RECORDS TO USE>
------------------------

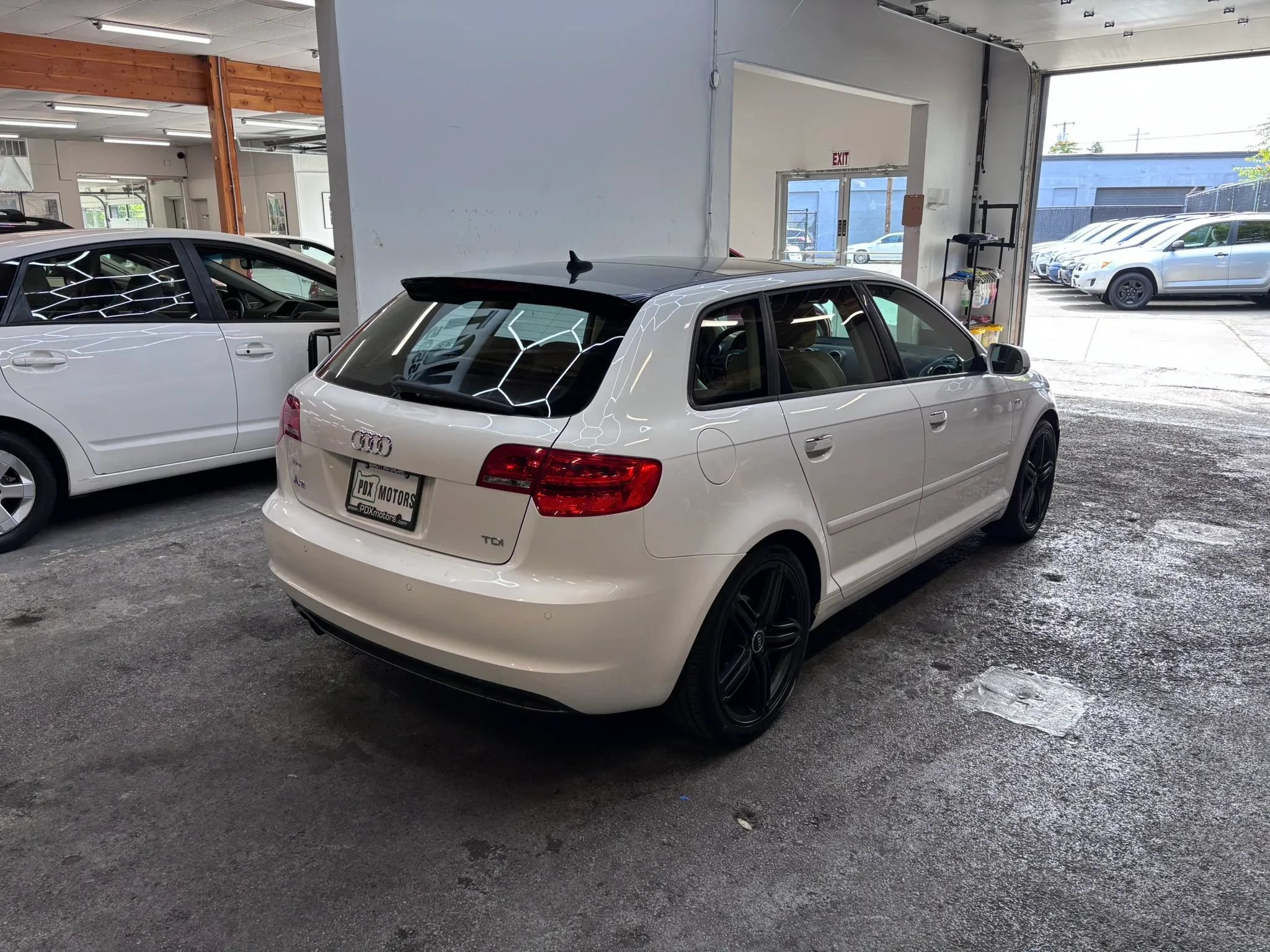 Used 2011 Audi A3 TDI Premium Plus FWD image 8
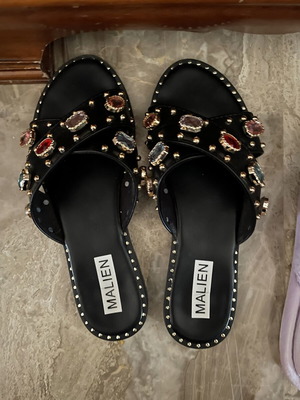 Flat slippers with stones size 37 like new, black multicolor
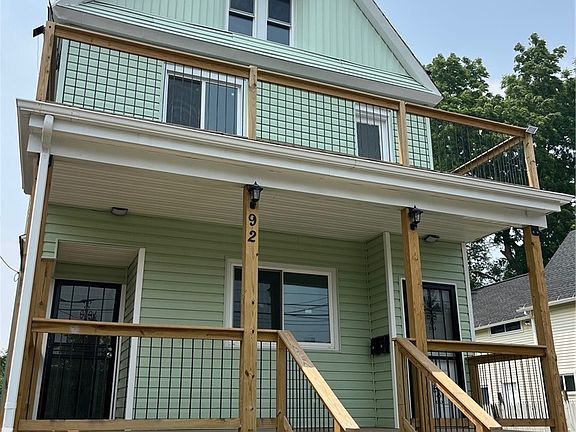 2nd image of 92 Dewitt St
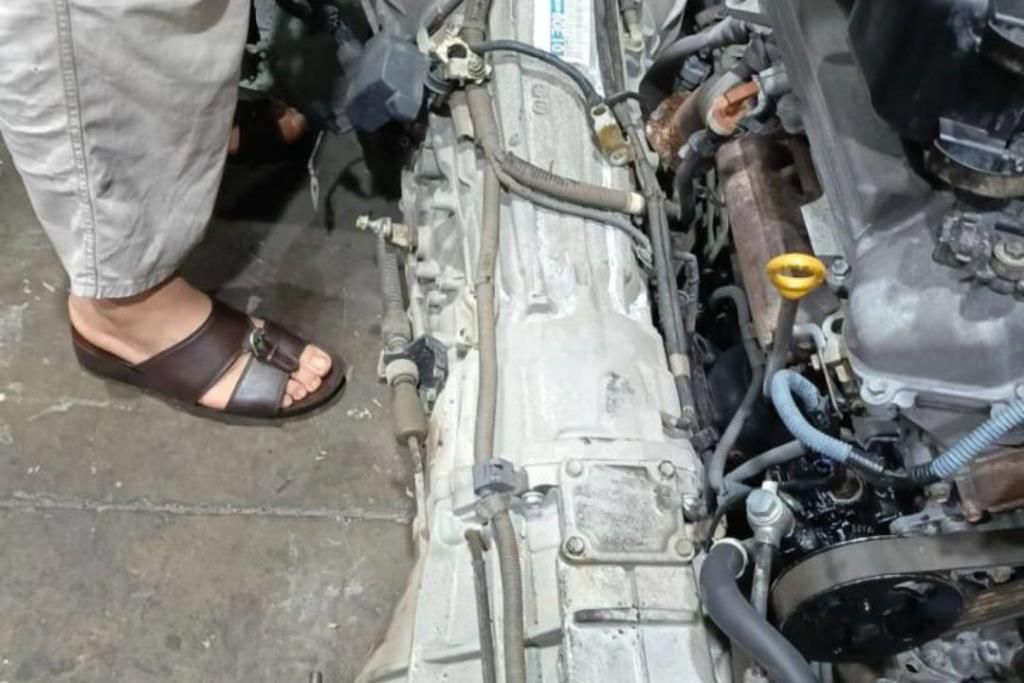  Gear Box Nissan Navara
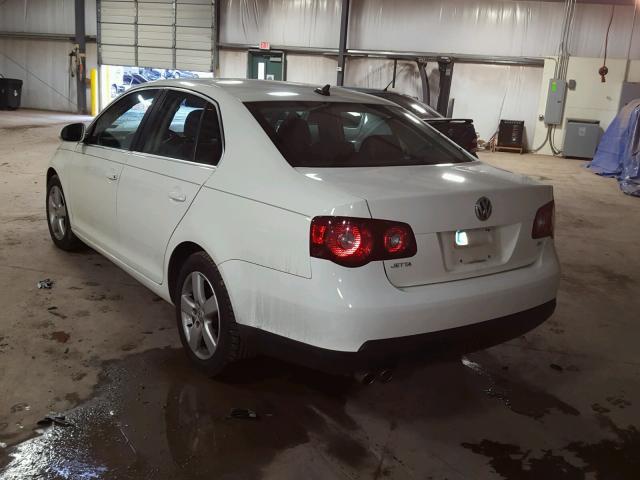 3VWRZ71KX8M059004 - 2008 VOLKSWAGEN JETTA SE أبيض صورة 3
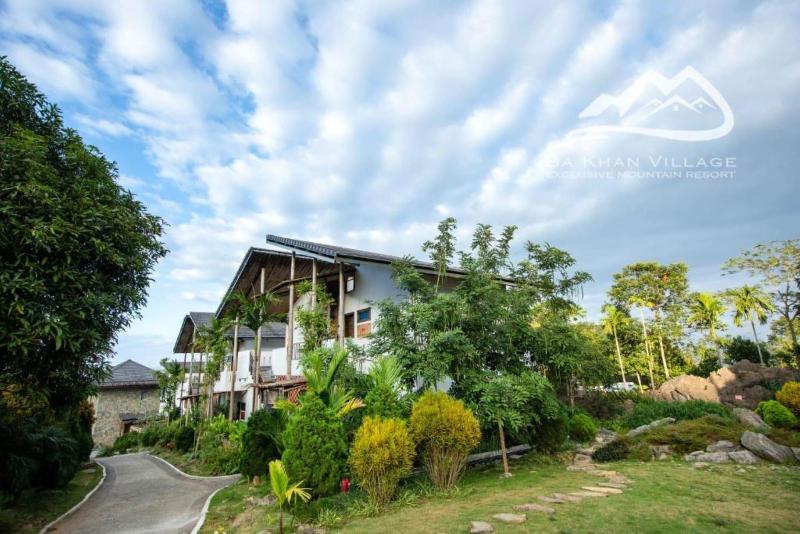 Ba Khan Village Resort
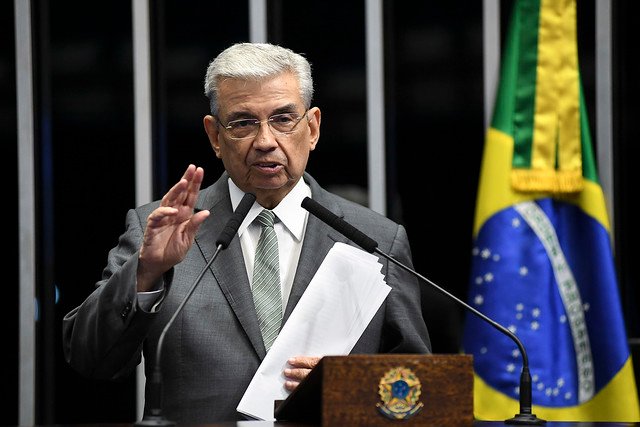 Garibaldi Filho será homenageado em sessão pelos 200 anos do Senado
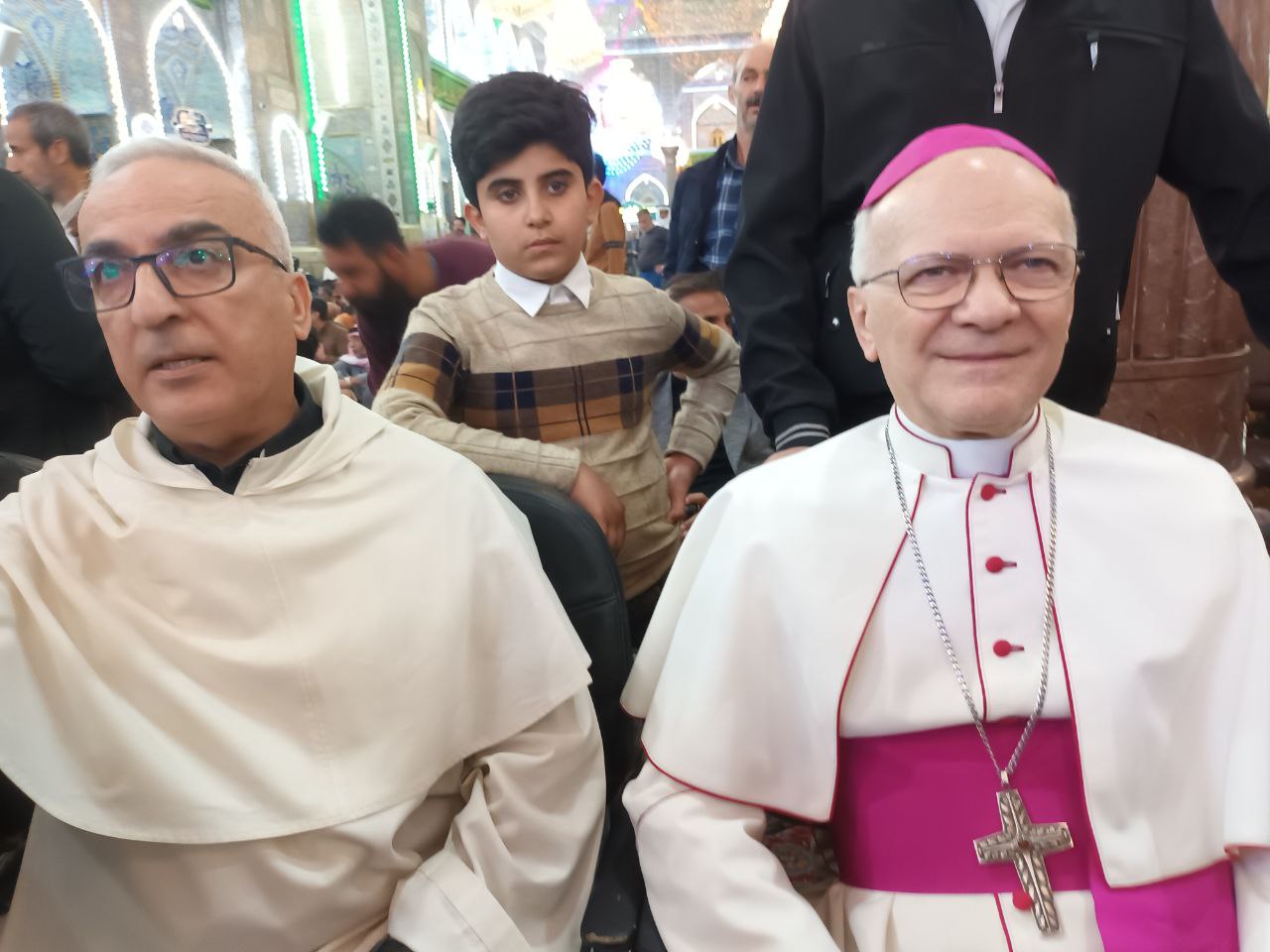 ممثل الفاتيكان من كربلاء: العالم مشتت وعلينا ان نتحد سوية لنقدم الحب والرحمة للعالم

------------------------

WHAT YOU NEED TO DO> Write the records out again in full, exactly, and skip every picture.

EXPECTED ANSWER>
 Used 2011 Audi A3 TDI Premium Plus FWD image 8
 Flat slippers with stones size 37 like new, black multicolor
 2nd image of 92 Dewitt St
  Gear Box Nissan Navara
 3VWRZ71KX8M059004 - 2008 VOLKSWAGEN JETTA SE أبيض صورة 3
 Ba Khan Village Resort
 Garibaldi Filho será homenageado em sessão pelos 200 anos do Senado
 ممثل الفاتيكان من كربلاء: العالم مشتت وعلينا ان نتحد سوية لنقدم الحب والرحمة للعالم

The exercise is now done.